Wells Fargo Capital Finance was the left lead agent in underwriting $425 million to support an asset-based lending deal with St. Bernard Renewables, a subsidiary of PBF Energy, as it converted an idled refinery unit to process and produce renewable diesel.

On this deal, Wesley Shaw, senior vice president of originations at Wells Fargo Capital Finance, led the team, which had an existing relationship with PFB Energy that proved beneficial in closing the transaction in June. As Shaw explains, executing this deal, which included many term sheet iterations, required an understanding of the budding renewable energy business, as it is sector for which some lenders lack the expertise to provide financing. Shaw says Wells Fargo is a strong supporter of renewable energy, so St. Bernard Renewables’ mission of providing renewable diesel aligned with its goal of being a part of that future.

“What’s really attractive about renewable diesel is it can go into any truck that burns diesel. Biodiesel is highly prevalent, but not all vehicles can accept biodiesel without it being properly blended,” Shaw says. “This allows everyday trucks to farming equipment to 18-wheelers, they can put it in their truck and it’ll burn just like diesel, albeit at a much cleaner alternative to traditional diesel.

“A lot of lenders just are not going to lend to a startup [in this space]. While this is renewable product, it still falls in their bucket of oil and gas and they just simply won’t lend into that space. Wells Fargo doesn’t take that stance. The amount of banks that have interest here is going to be smaller.”

This deal presented some unique challenges for Shaw’s team to navigate, including providing financing on the company’s working capital for feedstocks that are not commoditized.

“For feedstocks that are somewhat opaque, they will become commoditized. But as the world stands today in soybean oil, animal fats, corn oil, those feedstocks are not [readily available for price estimations]. I can’t go just look up a market price for those,” Shaw says.

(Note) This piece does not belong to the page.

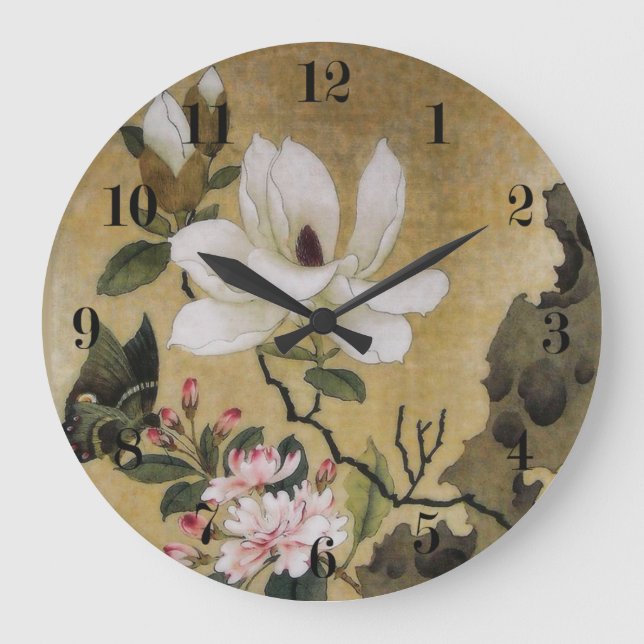 Magnolia Flower och Butterfly Ming Dynasty Stor Klocka (Framsida)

The feedstock factor was pertinent because St. Bernards’ refinery produces up to 21,000 barrels per day, and the most effective method for transporting those barrels is via vessel, something most lenders aren’t necessarily comfortable with when 250,000 barrels are on the water, sometimes in international waters, for 10 to 15 days at a time.

“We were able to do some blocking and tackling just to get comfortable while it is in international waters. And the UCC filing is not necessarily applicable or enforceable for the period of time while it’s on international water, so we were able to mitigate that risk by having some agreements in place with their customs and borders agent, the freight forwarding agreement, and so forth,” Shaw says.

In addition to its own role, Wells Fargo Capital Finance encouraged secondary financing providers to feel comfortable and confident with the startup nature of the client and unique flavor of the borrowing base.